We are currently working on an pdf version of a newspaper at work, we have a .net website which captures the articles to publish, storing the content entered as html, so we can maintain styles like bold, underline, strike out.
Once this is stored in the database we are planning to use Indesign to create the pdf. We currently we have a template built, but when we generate an xml document and import into Indesign the html tags are just written out. Is there a way around this, to get Indesign to maintain the tags as they would be in html? We just need some simple ones, like bold, strikeout, underling, center align.
Thanks.
We have had some bad experiences importing xml into InDesign directly.
If you are still having trouble with this issue, check out the open source Ickmull code library.
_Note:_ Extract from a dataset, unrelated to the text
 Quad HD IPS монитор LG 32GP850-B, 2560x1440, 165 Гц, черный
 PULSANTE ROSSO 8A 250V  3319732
It converts an xhtml file to an idml file, that can then be opened in InDesign. This might be a better web to print workflow for you.
http://code.google.com/p/ickmull/
Maybe you can use a Markdown to InDesign translater as a starting point: http://www.jongware.com/markdownid.html
Pandoc now support export to ICML (Adobe InCopy's XML format that can be "placed" in InDesign documents). To convert HTML to ICML:
See Importing Markdown in InDesign in the pandoc wiki for details around the workflow.
This is an old question, but the problem is probably perennial.
Here is an easy real-world technique. It may not be perfectly suited to an automatic workflow, but is perfect for occasional use.
Copy the html code, for example from the source view of the browser. Omit the head part, css, menus, etc., and copy only the relevant content which may be enclosed in a series of div, section or other container tags.
Paste in a plain text document (Notepad on Windows, TextEdit on Mac) and save as a plain text file with a
.html
extension.Open the html file with LibreOffice. I tried with versions 4 and 6, and they both parse html just fine. You get a document with paragraph styles (like headings) and character styles (like bold and italic). Optionally select all and change the font to Times New Roman. Save as a
.docx
file, or some other file type.Import this to InDesign with options for preserving styles and formatting and importing styles automatically. You get a document with paragraph styles and character styles which you may edit as you wish.
This tool is a decent HTML to InDesign importer: https://www.id-extras.com/html-import-script
It may take some rework, but it brings in styles that you can edit and has saved me a bunch of time.
You'll need to translate the HTML tags into CharacterStyles, and apply those to the XML on import.
The tricky thing is that CharacterStyles can't be applied nested like HTML can, so you need to make a CharacterStyle for each combination that might be present. Or you can apply styles to the specific run of text, with a script.